# Pro LED light U series P by UP-Aqua Available Now



## CO2Art.co.uk (7 Mar 2015)

Hello, 

Great News! Finally latest Pro Led light U series P from UP-Aqua arrived to UK. 

Please check here : http://www.co2art.co.uk/search?type=product&q=Pro+Led+light



 


 


We have 4 sizes available : 

45cm - http://www.co2art.co.uk/products/up-pro-led-light-u-series-p-45cm
60cm - http://www.co2art.co.uk/products/up-pro-led-light-u-series-p-60cm
90cm - http://www.co2art.co.uk/products/pro-led-light-u-series-p-90cm
150cm - http://www.co2art.co.uk/products/pro-led-light-u-series-p-150cm


----------



## GDM (8 Mar 2015)

Hi Karol,

Will you stock a 120cm?

Best
Garry


----------



## Miroslav (9 Mar 2015)

GDM said:


> Hi Karol,
> 
> Will you stock a 120cm?
> 
> ...



Hello,

Thank you very much for your interest.

Regarding your question the 120cm lights are already on website and you can follow the link below for more information. Unfortunately there are out of stock right now as they are selling faster then we expected.
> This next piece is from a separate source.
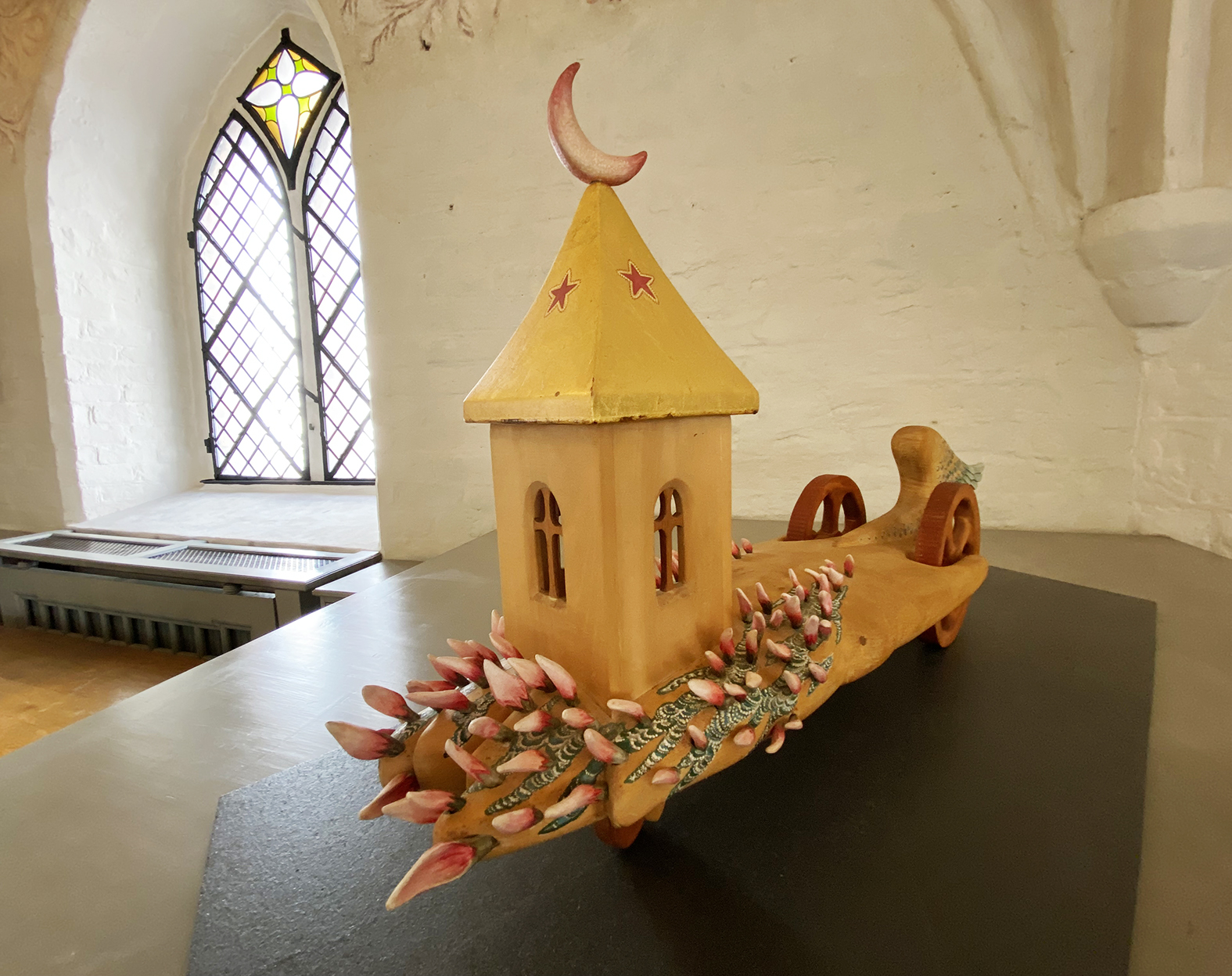 Skulpturen "Kapellvagn"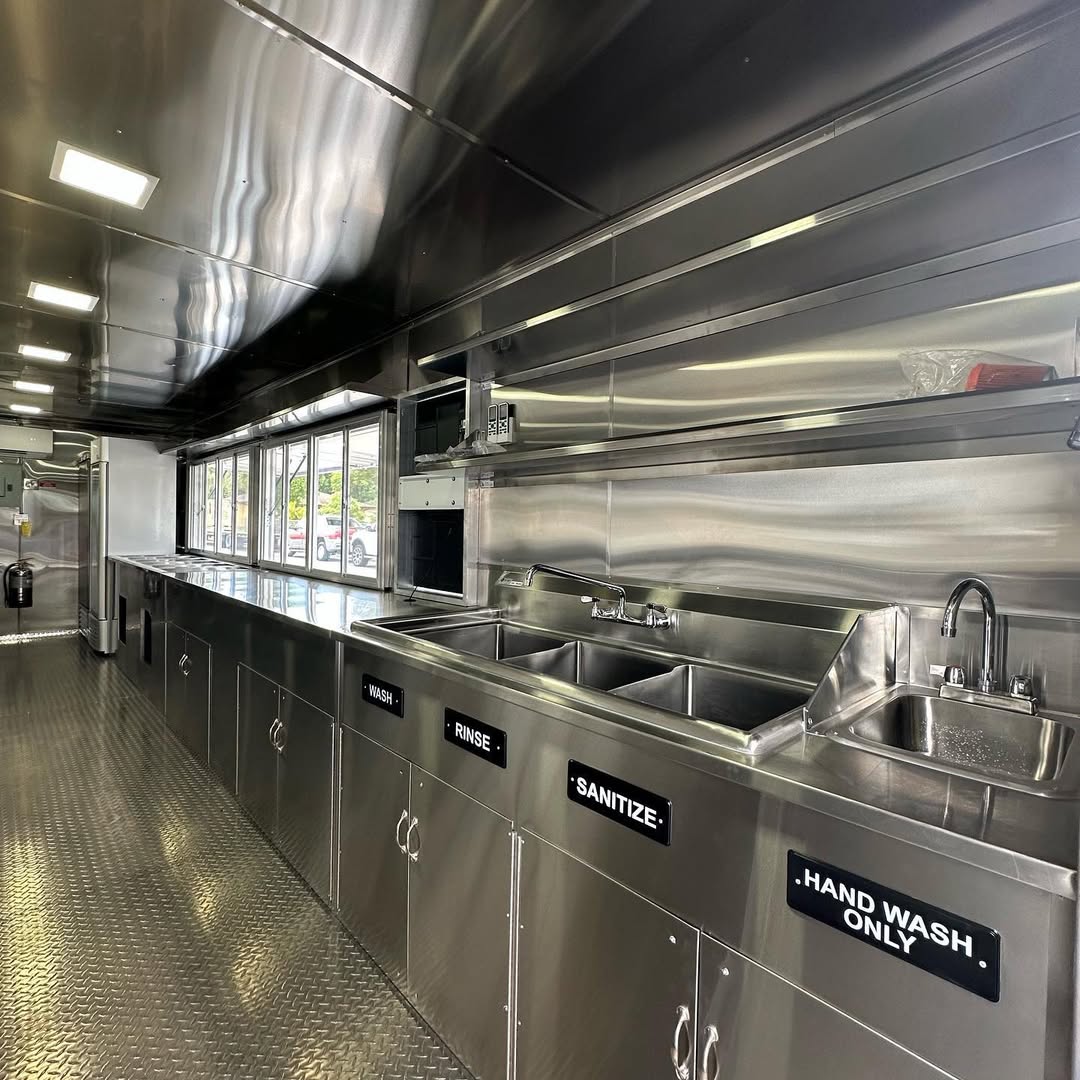 23ft Custom Wrap Food Trailer | Tri-Axle Mobile Kitchen – Maichi Food ...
However if you follow the link below and enter your email address we will notify you as soon as they wil be back in stock.

http://www.co2art.co.uk/collections/lighting/products/pro-led-light-u-series-p-120cm


----------



## Andy D (9 Mar 2015)

Are they dimmable?


----------



## parotet (9 Mar 2015)

Hi Co2Art

Something very interesting would be to give the PAR values for each model at different distances, more and more aquarists appreciate this kind of information and it could be a good selling argument showing a good degree of expertise from your side. And it is as easy as measuring it! (... or ask the supplier to do it for you).
I also agree that information about dimming solutions would be great.

Jordi


----------



## Miroslav (10 Mar 2015)

Hello all,



Andy D said:


> Are they dimmable?



Regarding your question yes you are able to dim the light, however they are not supplied with any controller. We will sale controllers for the lights as well, however I do not have the exact date when we starting to supply them yet.



parotet said:


> Hi Co2Art
> 
> Something very interesting would be to give the PAR values for each model at different distances, more and more aquarists appreciate this kind of information and it could be a good selling argument showing a good degree of expertise from your side. And it is as easy as measuring it! (... or ask the supplier to do it for you).
> I also agree that information about dimming solutions would be great.
> ...



Thank you for the feedback. Please note that the light is supplied with plastic bracket and it will sit on top of the tank. However you are right and I will ask UP to give us more information regarding the lights and PAR.


----------



## Rahms (11 Mar 2015)

received mine today and it looks nice, mounts potentially a little flimsier than the pro Z, but I don't intend to sit on the thing so it should be fine. Unfortunately thats all the detail I can provide as its got a US plug and I have no adaptor. Would be nice to know these things in advance!


----------



## Miroslav (11 Mar 2015)

Rahms said:


> received mine today and it looks nice, mounts potentially a little flimsier than the pro Z, but I don't intend to sit on the thing so it should be fine. Unfortunately thats all the detail I can provide as its got a US plug and I have no adaptor. Would be nice to know these things in advance!



Hello,

I am really sorry to hear that you missing the adaptor in your parcel.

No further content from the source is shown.